RE: Canonical equivalence in rendering: mandatory or recommended?

From: Jill Ramonsky (
Date: Wed Oct 15 2003 - 08:23:00 CST

> -----Original Message-----
> From: Philippe Verdy []
> The same
> optimization can be done in Java by subclassing the String
> class to add a "form" field and related form conversion (getters)
> and tests methods.

Only slightly confused about this. The Java String class is declared
*final* in the API, and therefore cannot be subclassed. One would have
to write an alternative String class (not rocket science of course, but
still a tad more involved than subclassing).

> In fact, to further optimize and reduce the
> memory footprint of Java strings, in fact I choosed to store
> the String in a array of bytes

Okay. That explains that then.

> It is possible, with a custom class loader to overide the default
> String class used in the Java core libraries

Ouch.

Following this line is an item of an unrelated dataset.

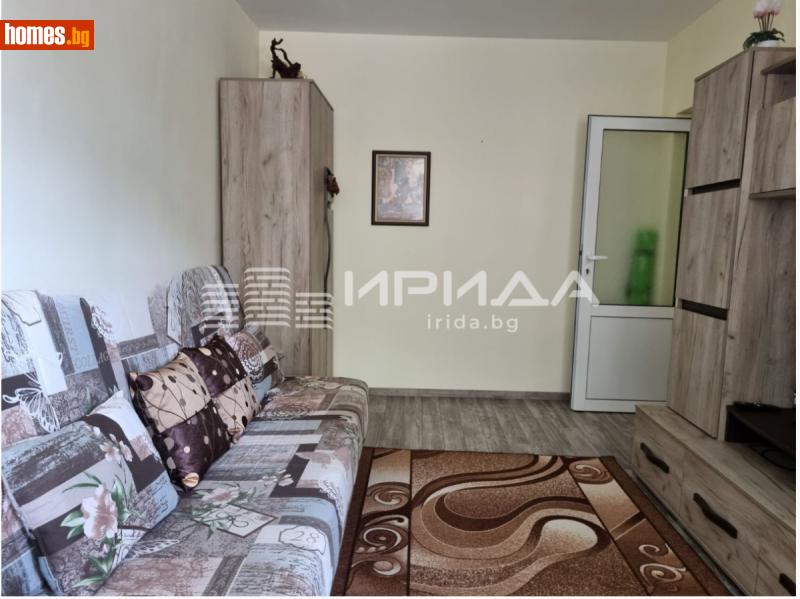 Едностаен, 31m² - Жк. Лозенец, София - Апартамент за продажба - Ирида - 121276973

Never taken Java that far myself. I like the idea though. Is it

> Looking at the Java VM machine specification, there does not
> seem to be something implying that a Java "char" is necessarily a
> 16-bit entity. So I think that there will be sometime a conforming
> Java VM that will return UTF-32 codepoints in a single char, or
> some derived representation using 24-bit storage units.

I've wondered about that ever since Unicode went to 21 bits. Actually of
course, it's C (and C++), not Java, which has the real problem. C is
(supposed to be) portable, but fast on all architectures, so all of the
built-in types have platform-dependent widths. (So far so good). The
annoying thing is that, BY DEFINITION, the *sizeof()* operator returns
the size of an object /measured in chars/. Therefore, it is a violation
of the rules of C to have an addressable object smaller than a char. One
/can/ have 32-bit chars, but /only/ if you disallow bytes and 16-bit
words. *sizeof()* is not allowed to return a fraction. Sigh! If only C
had seen fit to measure addressable locations in /bits/, or even
architecture-specific-/atoms/ (which would have been 8-bits wide on most
systems), then we could have had sizeof(char) returning 4 or something.
Ah well.

> This leads to many discussions about what is a "character"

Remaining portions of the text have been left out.